Stupid Ways to Hinder Market Adoption

2:34 pm business, web

Guy Kawasaki is another one of my favorite bloggers (of the ones I don’t know personally). He’s a technically-savvy business guy and venture capitalist. To me, he represents the “other side” (ie: marketing) to a business (versus the technical/implementation/operational side that I’m on most of the time). Unlike many people in that industry though, he’s thoughtful, logical, and eloquent. Today he writes about the things websites/companies do to ensure that potential users leave and current users remain frustrated. Here’s an excerpt:

2. The long URL.When you want to send people an URL the site generates an URL that’s seventy characters long - or more!

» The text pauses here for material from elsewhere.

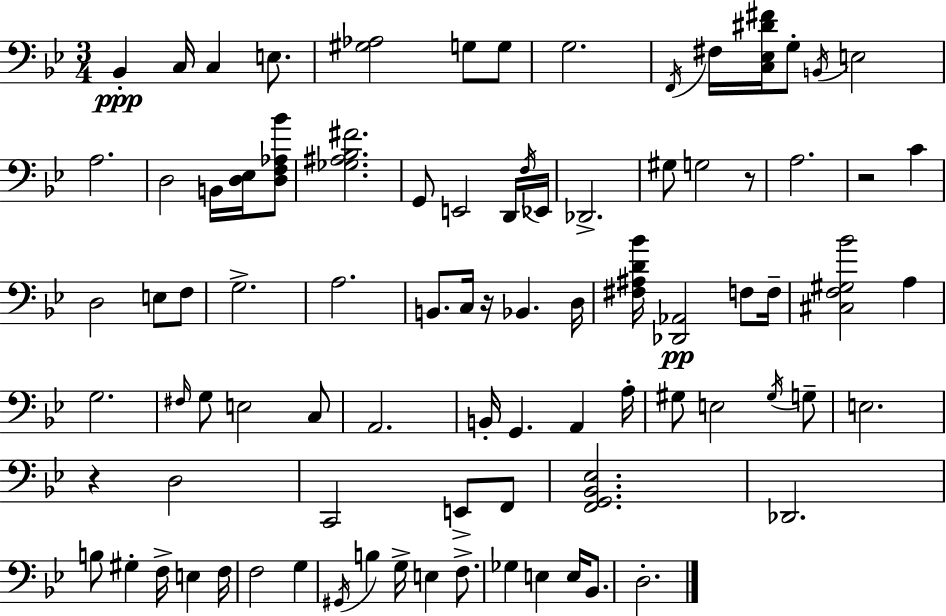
Bb2/q C3/s C3/q E3/e. [G#3,Ab3]/h G3/e G3/e G3/h. F2/s F#3/s [C3,Eb3,D#4,F#4]/s G3/e B2/s E3/h A3/h. D3/h B2/s [D3,Eb3]/s [D3,F3,Ab3,Bb4]/e [Gb3,A#3,Bb3,F#4]/h. G2/e E2/h D2/s F3/s Eb2/s Db2/h. G#3/e G3/h R/e A3/h. R/h C4/q D3/h E3/e F3/e G3/h. A3/h. B2/e. C3/s R/s Bb2/q. D3/s [F#3,A#3,D4,Bb4]/s [Db2,Ab2]/h F3/e F3/s [C#3,F3,G#3,Bb4]/h A3/q G3/h. F#3/s G3/e E3/h C3/e A2/h. B2/s G2/q. A2/q A3/s G#3/e E3/h G#3/s G3/e E3/h. R/q D3/h C2/h E2/e F2/e [F2,G2,Bb2,Eb3]/h. Db2/h. B3/e G#3/q F3/s E3/q F3/s F3/h G3/q G#2/s B3/q G3/s E3/q F3/e. Gb3/q E3/q E3/s Bb2/e. D3/h.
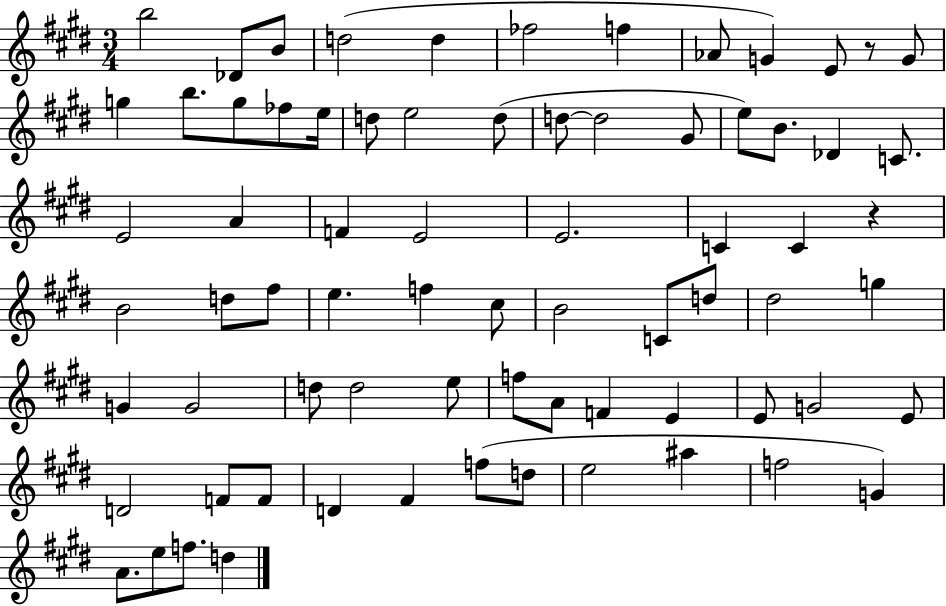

When you copy, paste, and email this URL, a line break is added, so people cannot click on it to go to the intended location.

The justification often goes like this: “We create a long URL because people with Crays might break our code and see private pages. Seventy characters that can be twenty-six lower case letters, twenty-six upper case letters, or ten numbers ensures that no one can break our code since the possible combinations outnumber the quantity of atoms in the universe.” This is what keeps sites like TinyUrl and SnipURL in business.

This is the sort thing that usability evangelists like Jakob Neilsen have been saying for a while now. The significance, I think, is that now marketing-focused people like Guy are beginning to take it seriously, and speak of it in terms of customers, competition, and money. Guy reaches a different audience than do those that normally speak on subjects like this, and so it helps spread the word to the people that matter. That’s a good thing.